I'm currently learning Go. To enhance my understanding of Go goroutine, I write a parallelized version of classic merge sort where I try to split the workload into parallel goroutines.
Implementation
package sorting
import (
"cmp"
)
const degradeThreshold int = 8
func ParallelMergesort[T cmp.Ordered](input []T) {
if len(input) < 2 {
return
}
// temporary array for saving intermediate merged results
tmp := make([]T, len(input))
parallelMergesort(input, tmp, 0, len(input))
}
func parallelMergesort[T cmp.Ordered](input, tmp []T, start, end int) {
// degrade to insertion sort if the number of elements to sort is low
if end-start <= degradeThreshold {
insertionSort(input, start, end)
return
}
splitPoint := start + (end-start)/2
ch := make(chan struct{}, 2)
var sortInHalf = func(s, e int) {
parallelMergesort(input, tmp, s, e)
// signal the completion of sorting current half
ch <- struct{}{}
}
// sort the left half [start, splitPoint)
// and the right half [splitPoint, end) in parallel
go sortInHalf(start, splitPoint)
go sortInHalf(splitPoint, end)
// wait until the sorting of both halves is completed
<-ch
<-ch
parallelMerge(input, tmp, start, splitPoint, end)
}
func parallelMerge[T cmp.Ordered](input, tmp []T, start, mid, end int) {
parallelMergeSubarrays(input, tmp, start, mid, mid, end, start)
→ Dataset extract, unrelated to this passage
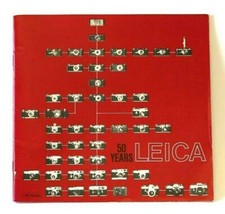 Very Clean Leica 50 Years Brochure 1975 47 Pages  P-4031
copy(input[start:end], tmp[start:end])
}
// parallelMergeSubarrays merges the subarray input[lStart, lEnd) with subarray input[rStart, rEnd)
// and write the merged result into tmp[tStart, tStart + lEnd - lStart + rEnd - rStart)
func parallelMergeSubarrays[T cmp.Ordered](input, tmp []T, lStart, lEnd, rStart, rEnd, tStart int) {
// if both subarrays are empty
if lStart >= lEnd && rStart >= rEnd {
return
}
// make sure [lStart, lEnd) always represents the larger range
if rEnd-rStart > lEnd-lStart {
lStart, lEnd, rStart, rEnd = rStart, rEnd, lStart, lEnd
}
lPivotPoint := lStart + (lEnd-lStart)/2
v := input[lPivotPoint]
rPivotPoint := findPivotPoint(input, rStart, rEnd, v)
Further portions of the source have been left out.